When this happens, I find myself again wondering if I have to resort to commenting back that I don’t hate adoptive parents. Instead of the content of my post, the focus shifts to whether or not I’m calling out on adoptive parents.
My last post is a perfect example of this. I got called on for stereotyping adoptive parents.
Even though at no time did I say that these arguments were only spoken or written by adoptive parents.
In fact, many of them have been said by other transracial adoptees, and also
by those not personally connected to adoption. Some of these quotes are attributed to adoption social workers, or people whose friends/family
members had adopted. Some are just by John Q. Public.
The whole point of my essay is that people use these rhetorical strategies to avoid talking about the difficult aspects of transracial and transnational adoption. The language and rhetoric used in discussing adoption is an important thing to consider. The intent of the last post was not,
"oh, all adoptive parents say these things." Please read that post
again; there was only one sentence that referred to "my daughter" in
the entire post, and that is because it is a direct quote from an
adoptive parent (and it is a common sentiment written by adoptive parents and adoption agencies), not because I believe ALL adoptive parents say this.
I know there are some adoptive parents who do not
assume I’m attacking them. They understand this is not about them, but about what their transracially or transnationally adopted
children might experience someday. And would you be surprised to know that I’ve learned some important things from adoptive parents? Things that made me step back and challenge my own assumptions?

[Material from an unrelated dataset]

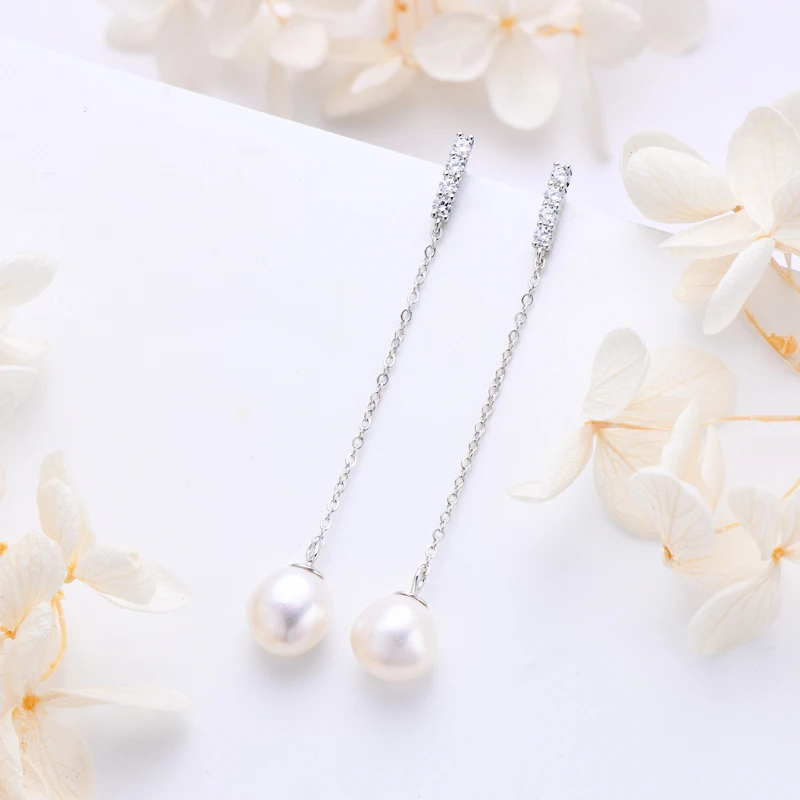 

Anziw 8-9mm Baroque Natural Freshwater Pearls Drop & Dangle Earrings for Women 925 Sterling Silver 2.2mm Zircon Stud Earrings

It’s true – and it is because the dialogue does not resort to stereotypes and the kinds of arguments offered in my last post.
Books like "In Their Own Voices" are great. Their "positive" stories offer so much to the discussion of adoption. But it would be just as mistaken to think their voices are the only ones, and discount other accounts and opinions just because it makes the reader more comfortable.
We focus so much on children and adoptive parents, and what I am trying so desperately to get across is that we children grow up. And as much as we want to protect them from any pain, many of them will come to a point where they a) want to connect with other transracially adopted adults (i.e. people like me) and b) might question their own adoption experience.
In the past year, I have been contacted by dozens of transracial
adoptees who have found my blog. They are all adults. And what they say
is almost a script. Statements like, I never really thought about my adoption/racial identity until . . . college/marriage/having children. And, I’ve always felt so isolated.
Most of these adoptees have good relationships with their adoptive
parents. Most of them love them to death and don’t "regret" their
adoptions. But all have in common a feeling of "where do I fit in" and
a sense of ambiguous loss, which I will discuss more in my next post.
Several have said things like, "my world is turning upside down."
They write to me because for the first time, someone has put into words
what they have felt but did not have the language for; or just
that perhaps their experiences resonated with what I wrote. These adoptees are only a small fraction of those out there, but knowing they’ve found something relatable has reinforced my belief that my voice, as critical as it can be at times, is the reason I continue to blog.
When I was 30 years old, I was a "happy, adjusted adoptee." There were many things about my adoption experience that were negative, and many that were positive. I just never told anyone about the negative. I did the adoptee version of the hustle and jive for other folks. You know, telling them what they wanted to hear while inside, I was cringing at my own words. You know what changed? I met other Korean adoptees. Know what they said? They ‘d had the same experiences I had growing up; the same thoughts, the same feeling of walking in two worlds and fitting in with neither, the same racial incidents at school, church and homes. They were trying to find the balance between their adoptive parents and their own personal journey. Protecting their parents feelings, or being true to their own.
Many of you know that I am a social worker. Most of you probably do not know that I work in the field of adoptions.
I work for a public child welfare agency, working with children in the
foster care system who are in need of adoptive families. That means I
work with prospective adoptive parents who are looking to adopt.
The reason I am critical at times is because we are dealing with children who have experienced tremendous loss in their life. I don’t believe that ignorance is bliss; we need to have our eyes wide open to what is happening around us in the field of adoption because we are talking about our society’s most vulnerable people.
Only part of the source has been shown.